Image-caption web data
+++++

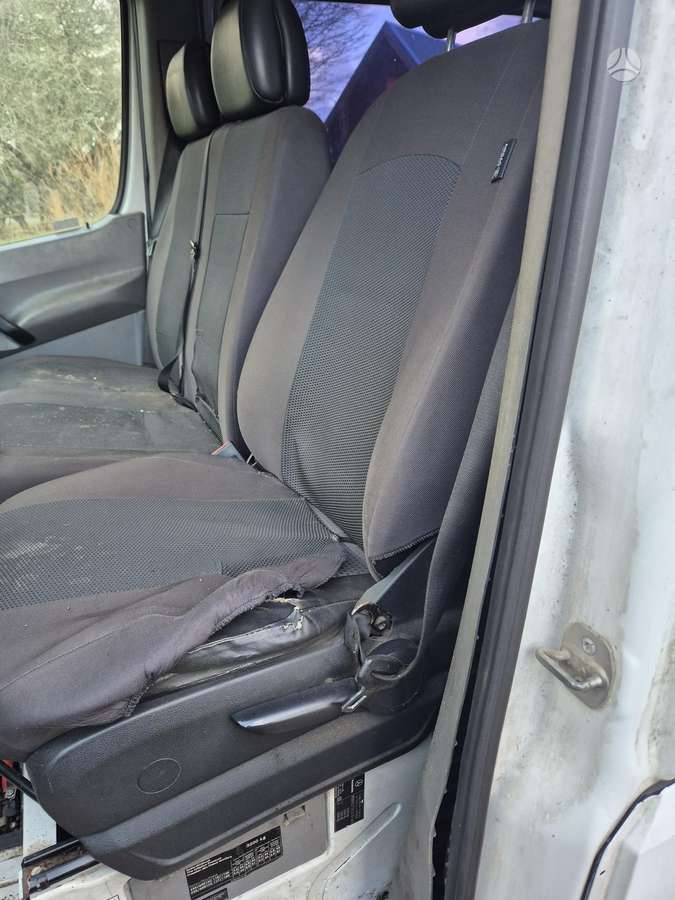 Mercedes-Benz Sprinter, passenger vans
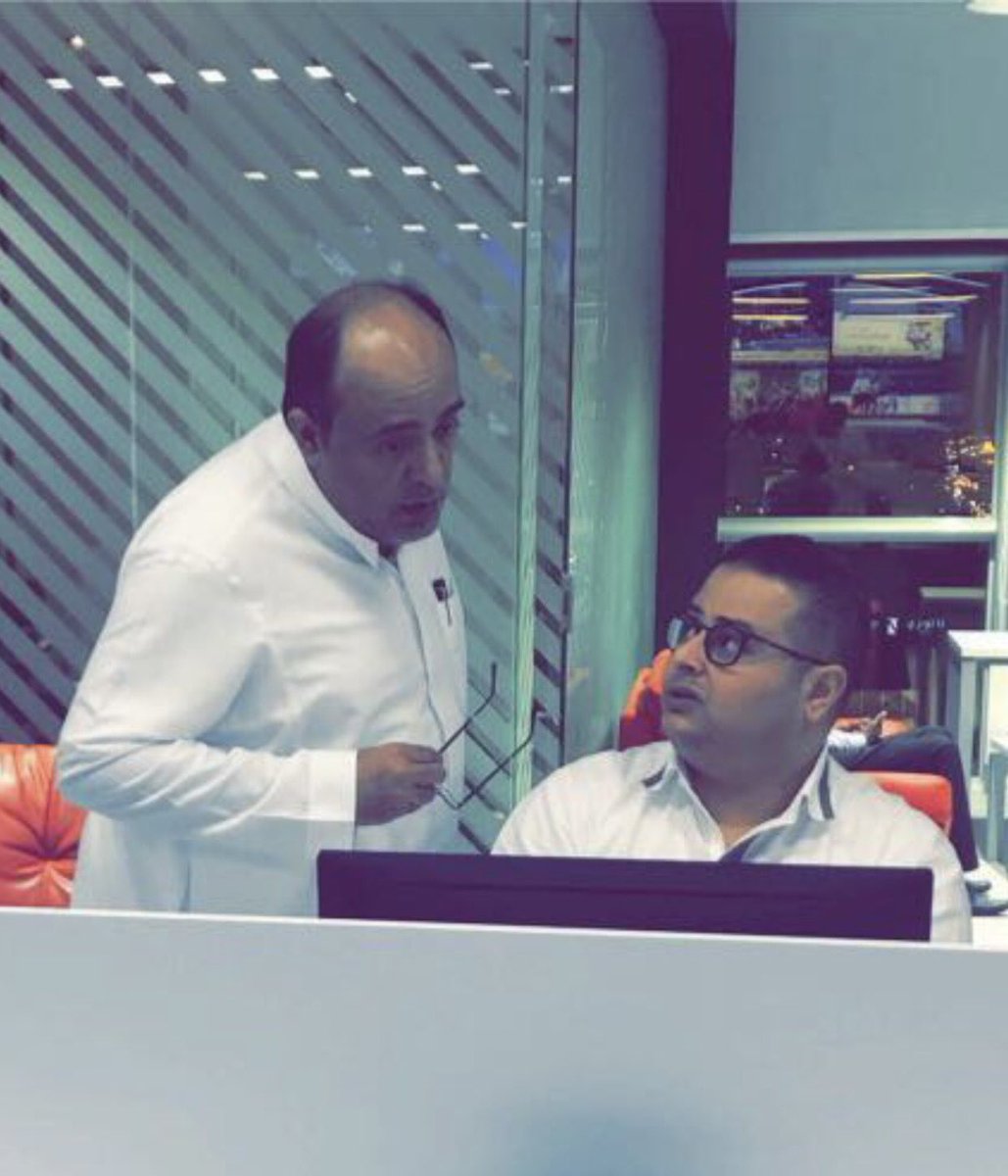 naifaalshahrani's tweet photo. بكل فخر، وبامتنانٍ كبير، أنا ضمن طابور المئات الذين فتح لهم الباب #وليد_الفراج أمام العمل في الوسط الإعلامي في عدة محطات هامة في حياتي المهنية: صحيفة عين اليوم - قناة صاحي - برنامج أكشن يا دوري - برنامج الدوري مع وليد وغيرها.

العمل معه "ممتع" لدرجة أنك تعمل لساعات طويلة "بمحض إرادتك"، ولا أحد ينافس وليد سوى وليد فقط والدليل: تصدره المشهد بعد اللقاء حتى اللحظة هو حديث الشارع نظراً لقيمته وتأثيره الكبير، وعبر تجربتي معه هو يركز على عمله فقط وليس من الشخصيات التي تركز على الآخرين، والأجمل أنه يعطيك المساحة الكاملة لعمل ما تريد بدون تدخل منه.

أمام أبو بدر وشخصه عن قرب، لا يمكنك سوى أن تعجب به وتحبه أيضًا لأنه "رجل" بمعنى الكلمة، أو تكرهه إذا كنت شخص عاطفي وبلا منطق أو كسول مهنيًا، أما على الجانب المهني فأنت تتعلم كل يوم شيء جديد وتفكر "خارج الصندوق" ولن يسمح لكائنٍ من كان أن يوقفك أو يضرك "رجل أصيل راعي فزعات شخصيًا ومهنيًا". ويشهد الله أنه أكثر الداع��ين للشباب السعودي بدون استثناء.

من لا يشكر الناس لا يشكر الله، وكنت وسأظل أشكره على الفرص التي قدمها لي: لأني تربيت على الاعتراف بالجميل وعدم نكران "الجميل وفزعات الرجال".

@waleedalfarraj 

 #وليد_الفراج_في_ليوان_المديفر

+++++

**What to produce**: Reproduce the lines above, exactly and exclusively, from the line containing "naifaalshahrani's tweet photo." down to the last line, both included; pictures are not part of the copy.

**Worked solution**:
 naifaalshahrani's tweet photo. بكل فخر، وبامتنانٍ كبير، أنا ضمن طابور المئات الذين فتح لهم الباب #وليد_الفراج أمام العمل في الوسط الإعلامي في عدة محطات هامة في حياتي المهنية: صحيفة عين اليوم - قناة صاحي - برنامج أكشن يا دوري - برنامج الدوري مع وليد وغيرها.

العمل معه "ممتع" لدرجة أنك تعمل لساعات طويلة "بمحض إرادتك"، ولا أحد ينافس وليد سوى وليد فقط والدليل: تصدره المشهد بعد اللقاء حتى اللحظة هو حديث الشارع نظراً لقيمته وتأثيره الكبير، وعبر تجربتي معه هو يركز على عمله فقط وليس من الشخصيات التي تركز على الآخرين، والأجمل أنه يعطيك المساحة الكاملة لعمل ما تريد بدون تدخل منه.

أمام أبو بدر وشخصه عن قرب، لا يمكنك سوى أن تعجب به وتحبه أيضًا لأنه "رجل" بمعنى الكلمة، أو تكرهه إذا كنت شخص عاطفي وبلا منطق أو كسول مهنيًا، أما على الجانب المهني فأنت تتعلم كل يوم شيء جديد وتفكر "خارج الصندوق" ولن يسمح لكائنٍ من كان أن يوقفك أو يضرك "رجل أصيل راعي فزعات شخصيًا ومهنيًا". ويشهد الله أنه أكثر الداع��ين للشباب السعودي بدون استثناء.

من لا يشكر الناس لا يشكر الله، وكنت وسأظل أشكره على الفرص التي قدمها لي: لأني تربيت على الاعتراف بالجميل وعدم نكران "الجميل وفزعات الرجال".

@waleedalfarraj 

 #وليد_الفراج_في_ليوان_المديفر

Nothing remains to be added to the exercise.